Given the state of the economy and of gas prices, it's no surprise that companies want to find ways to rein in transportation costs. One company finding success in that endeavor is Welch's, a well-known purveyor of food and packaged consumer goods. The company is tapping the power of business intelligence for better insight into its supply-chain operations, which in turn can help keep transportation expenses lower.
Specifically, Welch's is using the BI services of a company called Oco. The company offers a SaaS (software as a service) approach to BI, a technology that draws data out from various sources, then presents it in useful, meaningful ways. Data can be sliced, diced, and sorted to provide insight into business operations.
[ Find out how the U.S. Postal Service reduced its transportation costs by $5 million. ]
Welch's initial deployment of the Oco solution integrated data from three different source systems, including the Oracle E-Business Suite, to provide visibility into details about invoices, shipments, orders, and associated costs. The company has extended the solution to provide the company with a detailed breakdown of fuel and other key transportation charges. Charges can be analyzed by carrier, customer, type of shipped product, shipping lane, geographic area, and mode of transportation.

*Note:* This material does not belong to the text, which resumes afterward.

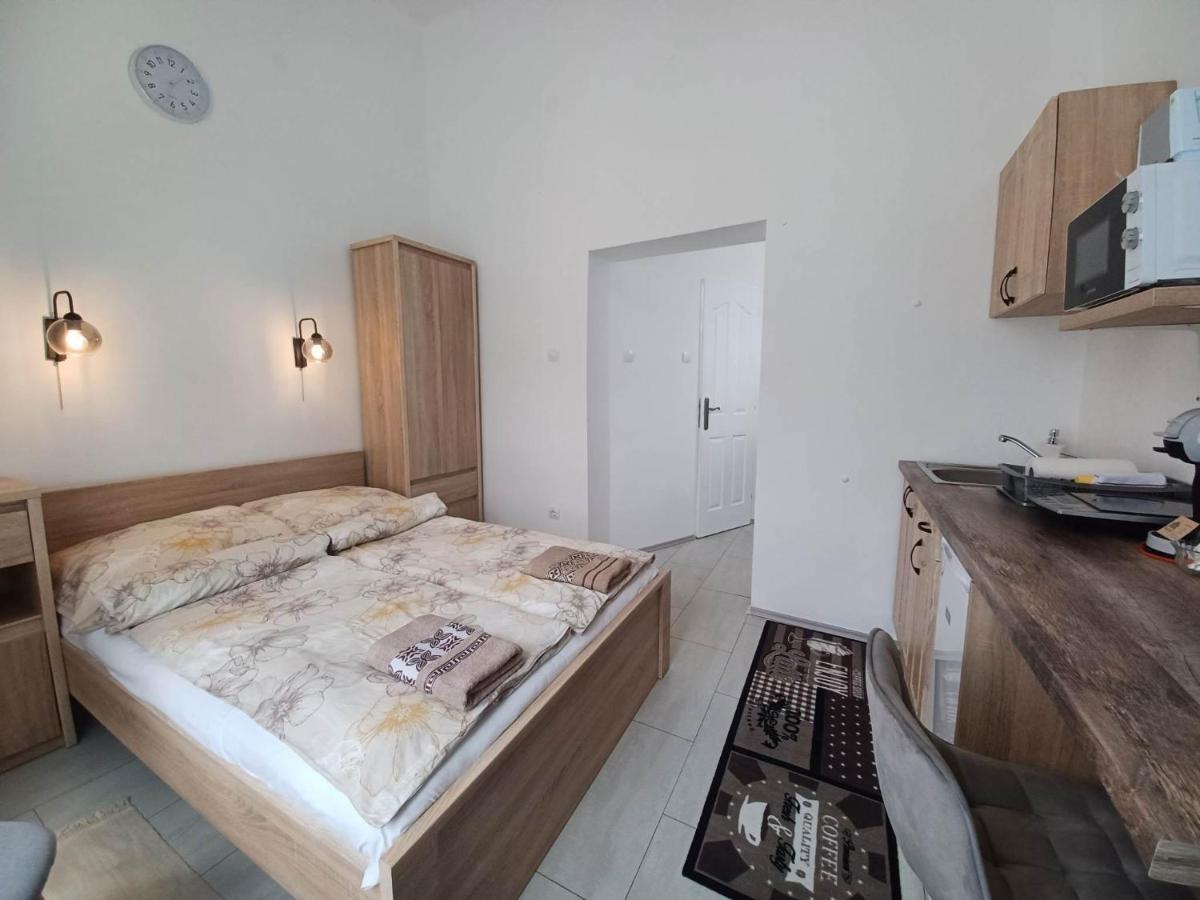 Rad-Var Apartmanhaz Eger Bagian luar foto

One way Welch's is leveraging the Oco BI application is to ensure truckloads delivered by its carriers go out full. The idea is, customers are already paying for the full truck when it delivers goods, even if it's only halfway or three-quarters loaded. With the BI system, Welch's can tell if a buyer's shipment is coming up short of full capacity and help them figure out what else they can order to max it out, thus saving on future shipping costs. "Welch's can go to the customer and say, 'You're only ordering this much. Why not round out the load with other things you need? It will be a lot cheaper for you,'" says Bill Copacino, president and CEO of Oco
"If you're able to put 4,000 more pounds on the 36,000-pound shipment, you're getting a 10 percent discount [on transportation costs]," he adds.
Additionally, according to Copacino, the system helps Welch's balance its daily deliveries so that it uses approximately the same number of trucks, rather than hiring for seven trucks on a Monday, five on a Tuesday, eight on a Wednesday, and so forth. The company reaps transportation savings by using a stable number of trucks daily -- "as capacity is not jumping all over the place," Copacino says.
Moreover, the company can draw on historical data for a clearer comparison as to how much each carrier is charging for transportation costs, and those costs get broken down by the various types of fees, from fuel surcharges to the cost of unloading. Having the type of information makes it easier to negotiate rates with carriers, Copacino notes.
"We are gaining greater visibility into cost-savings opportunities, which is especially important in light of rising fuel and transportation costs," says Bill Coyne, director of purchasing and logistics at Welch's.
Beyond saving money on transportation costs, Welch's is using the BI app in other ways. Among them, the company is working collaboratively with carriers to report on actual delivery performance, such as whether shipment arrived on time. The company can now produce carrier scorecards and compliance reports, enabling it to quantify carrier performance and gain better understanding of customer-service metrics.